Weekly for late crops planted say December onwards and repeat applications of the Granules every 6 weeks. Note, the same pests like tomato plants too so do not plant any tomato plants near your potatoes and treat the tomatoes likewise with the Neem products.
You will find also that there are three categories of seed potatoes which are 1st Early such as Swift Maturity: Approx 60-70 days Tuber Shape: Round Skin: White Flesh: Cream
General: Waxy potato ideal for boiling, salads, casseroles & soups. High yielder.
2nd Early such as Ilam Hardy Maturity: Approx 70-80 days Tuber Shape: Oval round Skin: White Flesh: White General: Floury potato ideal for mashing, baking, roasting, chips and wedges.

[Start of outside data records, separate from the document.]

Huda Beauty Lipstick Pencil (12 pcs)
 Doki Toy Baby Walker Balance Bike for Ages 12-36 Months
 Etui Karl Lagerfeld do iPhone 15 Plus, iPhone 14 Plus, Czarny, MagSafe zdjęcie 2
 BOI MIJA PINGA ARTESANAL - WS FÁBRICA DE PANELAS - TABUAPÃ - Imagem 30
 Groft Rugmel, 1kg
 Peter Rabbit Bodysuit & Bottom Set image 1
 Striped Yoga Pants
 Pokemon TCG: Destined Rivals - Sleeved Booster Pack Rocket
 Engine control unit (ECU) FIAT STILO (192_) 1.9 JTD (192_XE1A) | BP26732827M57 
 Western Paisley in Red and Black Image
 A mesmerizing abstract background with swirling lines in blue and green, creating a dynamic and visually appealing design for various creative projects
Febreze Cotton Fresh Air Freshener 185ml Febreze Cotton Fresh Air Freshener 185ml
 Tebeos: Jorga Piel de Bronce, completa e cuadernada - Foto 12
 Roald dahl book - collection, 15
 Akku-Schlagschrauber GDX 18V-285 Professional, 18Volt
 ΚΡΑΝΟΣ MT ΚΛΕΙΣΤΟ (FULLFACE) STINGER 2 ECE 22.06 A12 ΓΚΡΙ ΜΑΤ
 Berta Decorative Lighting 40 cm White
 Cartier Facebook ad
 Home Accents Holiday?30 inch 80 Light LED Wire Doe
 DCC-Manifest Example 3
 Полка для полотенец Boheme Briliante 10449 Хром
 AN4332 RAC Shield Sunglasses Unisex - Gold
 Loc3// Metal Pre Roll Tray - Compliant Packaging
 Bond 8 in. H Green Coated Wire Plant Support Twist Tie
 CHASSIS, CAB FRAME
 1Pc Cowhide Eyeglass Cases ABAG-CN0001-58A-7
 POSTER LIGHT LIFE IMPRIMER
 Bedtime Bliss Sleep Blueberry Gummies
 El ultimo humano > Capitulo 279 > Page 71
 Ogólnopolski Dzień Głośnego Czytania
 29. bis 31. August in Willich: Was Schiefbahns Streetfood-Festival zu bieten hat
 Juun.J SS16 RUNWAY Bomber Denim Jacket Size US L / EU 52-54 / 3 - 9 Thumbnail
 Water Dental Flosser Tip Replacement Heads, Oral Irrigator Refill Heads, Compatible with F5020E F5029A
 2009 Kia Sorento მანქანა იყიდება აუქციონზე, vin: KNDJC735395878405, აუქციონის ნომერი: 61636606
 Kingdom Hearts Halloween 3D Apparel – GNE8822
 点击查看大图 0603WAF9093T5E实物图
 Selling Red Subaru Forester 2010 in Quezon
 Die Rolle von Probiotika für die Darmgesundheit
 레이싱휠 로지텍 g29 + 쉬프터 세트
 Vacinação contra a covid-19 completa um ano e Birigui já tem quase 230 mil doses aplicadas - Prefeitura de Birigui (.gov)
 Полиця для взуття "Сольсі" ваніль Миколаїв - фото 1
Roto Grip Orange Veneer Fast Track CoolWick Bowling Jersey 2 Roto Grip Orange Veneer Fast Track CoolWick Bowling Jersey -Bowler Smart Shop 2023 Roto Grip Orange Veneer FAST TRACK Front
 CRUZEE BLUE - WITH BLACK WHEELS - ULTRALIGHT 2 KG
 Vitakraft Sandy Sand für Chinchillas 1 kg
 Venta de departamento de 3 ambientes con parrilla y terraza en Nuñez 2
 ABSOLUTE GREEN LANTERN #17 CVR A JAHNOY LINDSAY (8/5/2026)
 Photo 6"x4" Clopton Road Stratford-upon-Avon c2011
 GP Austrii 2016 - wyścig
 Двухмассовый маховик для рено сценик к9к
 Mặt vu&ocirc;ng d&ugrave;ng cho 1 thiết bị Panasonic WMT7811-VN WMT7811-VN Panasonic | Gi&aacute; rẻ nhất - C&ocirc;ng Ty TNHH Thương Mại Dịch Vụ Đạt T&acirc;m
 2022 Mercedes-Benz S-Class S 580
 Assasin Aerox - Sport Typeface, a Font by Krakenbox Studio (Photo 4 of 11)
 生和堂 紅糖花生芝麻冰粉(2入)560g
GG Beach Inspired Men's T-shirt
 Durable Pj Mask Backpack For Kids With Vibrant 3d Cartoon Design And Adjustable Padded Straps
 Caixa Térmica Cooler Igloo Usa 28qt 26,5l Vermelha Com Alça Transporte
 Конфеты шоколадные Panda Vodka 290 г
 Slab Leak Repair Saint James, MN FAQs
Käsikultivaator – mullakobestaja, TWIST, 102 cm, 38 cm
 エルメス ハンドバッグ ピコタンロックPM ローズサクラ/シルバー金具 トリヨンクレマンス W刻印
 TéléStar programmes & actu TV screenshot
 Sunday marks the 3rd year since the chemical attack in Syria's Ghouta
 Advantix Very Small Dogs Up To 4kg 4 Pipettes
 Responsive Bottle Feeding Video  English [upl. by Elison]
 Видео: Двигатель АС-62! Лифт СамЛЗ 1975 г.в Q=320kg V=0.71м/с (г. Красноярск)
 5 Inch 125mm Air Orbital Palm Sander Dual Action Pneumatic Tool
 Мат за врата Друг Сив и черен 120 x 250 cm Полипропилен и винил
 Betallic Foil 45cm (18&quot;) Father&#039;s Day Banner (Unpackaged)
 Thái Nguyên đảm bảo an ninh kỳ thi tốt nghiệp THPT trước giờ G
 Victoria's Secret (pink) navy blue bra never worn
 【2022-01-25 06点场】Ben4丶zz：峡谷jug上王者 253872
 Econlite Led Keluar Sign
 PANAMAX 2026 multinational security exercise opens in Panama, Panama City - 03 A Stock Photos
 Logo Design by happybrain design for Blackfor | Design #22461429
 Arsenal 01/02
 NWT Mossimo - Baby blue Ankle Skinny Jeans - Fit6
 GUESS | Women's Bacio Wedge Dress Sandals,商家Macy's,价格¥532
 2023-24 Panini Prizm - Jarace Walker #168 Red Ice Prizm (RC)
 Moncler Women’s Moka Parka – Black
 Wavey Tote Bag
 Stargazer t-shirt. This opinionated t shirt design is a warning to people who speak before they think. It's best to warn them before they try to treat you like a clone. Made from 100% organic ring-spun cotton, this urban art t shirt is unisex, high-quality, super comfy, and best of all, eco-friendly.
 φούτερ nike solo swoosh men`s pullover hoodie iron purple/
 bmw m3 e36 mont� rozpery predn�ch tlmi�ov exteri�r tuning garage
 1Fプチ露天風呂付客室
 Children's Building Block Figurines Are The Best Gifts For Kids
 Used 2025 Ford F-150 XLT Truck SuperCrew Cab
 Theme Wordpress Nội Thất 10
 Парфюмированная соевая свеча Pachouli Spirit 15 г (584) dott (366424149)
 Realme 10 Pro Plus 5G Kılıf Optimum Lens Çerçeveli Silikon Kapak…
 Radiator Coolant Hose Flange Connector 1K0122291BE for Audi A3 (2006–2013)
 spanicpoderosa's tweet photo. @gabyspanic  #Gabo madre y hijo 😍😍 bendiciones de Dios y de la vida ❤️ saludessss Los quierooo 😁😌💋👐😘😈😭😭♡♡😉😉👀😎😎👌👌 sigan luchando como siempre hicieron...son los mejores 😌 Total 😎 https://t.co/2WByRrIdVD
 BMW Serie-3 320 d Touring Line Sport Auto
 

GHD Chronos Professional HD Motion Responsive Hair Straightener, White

Then there is Main Crop such as Rua Maturity: Approx 100 days Tuber Shape: Round to oval Skin: Fine white Flesh: White General: Good all rounder for roasting and boiling.
The difference between early and main crop is the maturity times not that they should be planted early or later. You can plant Rua early and say Swift late in the season (which is not a bad idea anyway)
The type of seed potato you buy and plant should be ones that suit your cooking and eating needs.
For instance what is the point of growing a potato that is best for baking or chips when you just about always mash your spuds.
If you are going to store potatoes for winter make sure that the type you grow is a good keeper.
Home grown potatoes will taste superior to most commercial grown spuds; they also often hold together better when boiling.
Note even with potatoes suitable for boiling you should not over boil and don't have the temperature up too high, they are best lightly boiled or even better steamed.
There is also the health aspect about growing your own potatoes as you control what chemical sprays and fertilisers are used or not used.
With commercial growers that are not organic certified, you can expect their potatoes to contain a percentage of herbicides, insecticides, fungicides along with man made fertilisers to force growth and reduce nutritional value.
With the new pests mentioned potato growers are spraying their crops every 7 to 14 days and that is a lot of poison.
I found out recently that coloured potatoes have added health benefits and one of the best ones of these is Purple Heart Maturity: Approx 80-90 days Tuber Shape: Oval and shallow eyes, Skin: Deep purple and smooth Flesh: Purple toned General: Great for salads, boiling and microwaving Health: Strong in antioxidant benefits.